It can be frustrating when you’re pregnant with twins, because some of what you read in pregnancy books or are told in antenatal classes about labour and birth won’t apply to you. You can feel left out, unless your hospital offers multiple pregnancy specific classes, or you choose to attend a multiple pregnancy antenatal course or workshop privately. If you’re interested in the latter, Tamba and the Multiple Births Foundation offer good ones.


Remember, although you're expecting twins, you have a right to ask your health professionals to talk you through your options as early in the pregnancy as you like. And rest assured you will still have options. Although giving birth to twins does carry more risks, you may not experience any complications at all. Also, just because you’re carrying twins, it doesn’t mean that labour will be twice as long or twice as painful!

How close to your due date will you go into labour with twins?

It’s important to know that twins often come early, and Tamba suggests you have your hospital bag packed from 26 weeks. A survey carried out in 2008 found only 43% of pregnancies with twins lasted over 38 weeks. And 44% of all births involved one or both babies spending some time in neonatal care.

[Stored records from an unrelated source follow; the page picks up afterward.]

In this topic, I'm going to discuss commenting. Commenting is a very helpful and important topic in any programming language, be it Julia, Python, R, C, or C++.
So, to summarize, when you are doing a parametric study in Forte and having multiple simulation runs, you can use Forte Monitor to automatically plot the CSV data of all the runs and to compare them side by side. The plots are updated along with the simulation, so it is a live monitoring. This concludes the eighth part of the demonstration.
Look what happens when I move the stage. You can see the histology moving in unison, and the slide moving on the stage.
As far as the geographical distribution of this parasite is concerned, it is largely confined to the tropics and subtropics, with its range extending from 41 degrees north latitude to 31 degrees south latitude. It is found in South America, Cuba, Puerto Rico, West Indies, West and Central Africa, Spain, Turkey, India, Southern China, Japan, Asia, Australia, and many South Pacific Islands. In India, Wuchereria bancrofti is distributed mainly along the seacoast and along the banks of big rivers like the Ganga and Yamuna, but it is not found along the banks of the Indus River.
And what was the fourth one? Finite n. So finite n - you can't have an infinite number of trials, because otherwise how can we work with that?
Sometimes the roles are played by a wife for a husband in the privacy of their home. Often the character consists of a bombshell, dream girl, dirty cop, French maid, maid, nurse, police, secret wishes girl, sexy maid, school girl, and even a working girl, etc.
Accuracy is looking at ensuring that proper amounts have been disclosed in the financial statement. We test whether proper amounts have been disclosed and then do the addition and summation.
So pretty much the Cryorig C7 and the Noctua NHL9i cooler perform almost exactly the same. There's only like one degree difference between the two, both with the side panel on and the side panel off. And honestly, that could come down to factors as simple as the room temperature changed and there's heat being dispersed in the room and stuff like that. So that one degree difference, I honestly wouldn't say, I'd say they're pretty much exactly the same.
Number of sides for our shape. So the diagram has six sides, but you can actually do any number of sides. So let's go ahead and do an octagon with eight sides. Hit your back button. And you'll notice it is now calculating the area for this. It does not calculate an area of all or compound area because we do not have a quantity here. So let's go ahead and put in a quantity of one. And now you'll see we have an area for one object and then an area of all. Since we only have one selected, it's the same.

The normal term for a twin pregnancy is 37 weeks although it’s not unusual to go to 40 weeks. If your doctor decides it’s not advisable for the health of you or your twins to go past 38 weeks, they may decide to induce labour. This is usually done with a hormonal pessary or gel and, if necessary, artificial rupture of your membranes (breaking your waters) and a hormonal intravenous drip.

What kind of birth will you have with twins?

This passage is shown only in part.